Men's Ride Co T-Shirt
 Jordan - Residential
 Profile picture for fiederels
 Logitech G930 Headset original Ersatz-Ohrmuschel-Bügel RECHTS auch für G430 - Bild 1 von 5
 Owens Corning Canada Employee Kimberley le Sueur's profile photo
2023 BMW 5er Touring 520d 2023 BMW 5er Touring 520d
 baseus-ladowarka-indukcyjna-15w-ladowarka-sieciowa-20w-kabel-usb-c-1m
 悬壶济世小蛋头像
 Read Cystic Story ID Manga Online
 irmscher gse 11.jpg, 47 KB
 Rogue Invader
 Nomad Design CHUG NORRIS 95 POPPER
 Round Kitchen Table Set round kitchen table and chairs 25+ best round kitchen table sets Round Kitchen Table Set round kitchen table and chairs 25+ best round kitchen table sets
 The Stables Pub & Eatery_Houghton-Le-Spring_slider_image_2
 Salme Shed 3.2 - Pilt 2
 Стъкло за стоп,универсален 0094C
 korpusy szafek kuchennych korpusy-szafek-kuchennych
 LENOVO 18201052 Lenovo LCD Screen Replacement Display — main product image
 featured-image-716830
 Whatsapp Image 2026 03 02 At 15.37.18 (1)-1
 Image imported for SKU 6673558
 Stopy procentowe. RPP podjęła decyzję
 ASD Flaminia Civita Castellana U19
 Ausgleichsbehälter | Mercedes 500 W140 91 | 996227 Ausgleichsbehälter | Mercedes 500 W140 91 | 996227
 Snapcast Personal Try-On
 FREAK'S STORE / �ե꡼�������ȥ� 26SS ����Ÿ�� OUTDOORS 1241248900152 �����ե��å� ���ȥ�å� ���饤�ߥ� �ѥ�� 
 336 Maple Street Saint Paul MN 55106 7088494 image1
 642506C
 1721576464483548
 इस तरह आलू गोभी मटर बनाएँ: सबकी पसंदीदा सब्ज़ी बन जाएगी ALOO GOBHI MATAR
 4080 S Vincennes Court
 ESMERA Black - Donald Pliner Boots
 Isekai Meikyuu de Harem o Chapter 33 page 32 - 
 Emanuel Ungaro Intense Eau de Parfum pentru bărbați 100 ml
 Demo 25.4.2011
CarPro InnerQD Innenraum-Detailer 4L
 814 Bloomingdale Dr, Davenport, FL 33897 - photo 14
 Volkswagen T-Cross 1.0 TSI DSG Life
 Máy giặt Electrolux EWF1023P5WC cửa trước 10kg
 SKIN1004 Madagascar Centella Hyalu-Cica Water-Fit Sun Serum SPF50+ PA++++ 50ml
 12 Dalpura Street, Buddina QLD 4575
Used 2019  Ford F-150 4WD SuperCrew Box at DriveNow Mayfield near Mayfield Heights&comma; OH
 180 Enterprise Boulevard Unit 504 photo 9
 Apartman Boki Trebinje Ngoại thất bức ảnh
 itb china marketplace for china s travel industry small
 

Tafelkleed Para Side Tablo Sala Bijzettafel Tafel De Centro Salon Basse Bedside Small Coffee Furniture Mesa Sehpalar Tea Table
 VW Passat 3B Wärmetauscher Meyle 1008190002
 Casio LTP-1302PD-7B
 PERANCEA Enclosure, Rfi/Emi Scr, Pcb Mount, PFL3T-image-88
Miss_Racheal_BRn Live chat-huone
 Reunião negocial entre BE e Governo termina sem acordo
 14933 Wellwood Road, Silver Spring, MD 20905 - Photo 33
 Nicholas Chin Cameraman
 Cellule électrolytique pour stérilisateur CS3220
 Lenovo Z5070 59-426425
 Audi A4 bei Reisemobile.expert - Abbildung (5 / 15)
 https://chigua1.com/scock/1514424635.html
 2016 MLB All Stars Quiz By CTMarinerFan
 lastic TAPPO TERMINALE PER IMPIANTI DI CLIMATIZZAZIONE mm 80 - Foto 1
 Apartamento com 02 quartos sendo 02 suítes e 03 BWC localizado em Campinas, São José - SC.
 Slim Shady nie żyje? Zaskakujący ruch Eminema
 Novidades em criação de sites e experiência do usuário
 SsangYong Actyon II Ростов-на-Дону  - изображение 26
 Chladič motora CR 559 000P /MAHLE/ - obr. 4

• What needs to be done: Going back over the entries above, copy word for word every line from the one that has "Mayfield Heights&comma; OH" on through the one that has "PERANCEA Enclosure, Rfi/Emi".

• Answer section:
Used 2019  Ford F-150 4WD SuperCrew Box at DriveNow Mayfield near Mayfield Heights&comma; OH
 180 Enterprise Boulevard Unit 504 photo 9
 Apartman Boki Trebinje Ngoại thất bức ảnh
 itb china marketplace for china s travel industry small
 

Tafelkleed Para Side Tablo Sala Bijzettafel Tafel De Centro Salon Basse Bedside Small Coffee Furniture Mesa Sehpalar Tea Table
 VW Passat 3B Wärmetauscher Meyle 1008190002
 Casio LTP-1302PD-7B
 PERANCEA Enclosure, Rfi/Emi Scr, Pcb Mount, PFL3T-image-88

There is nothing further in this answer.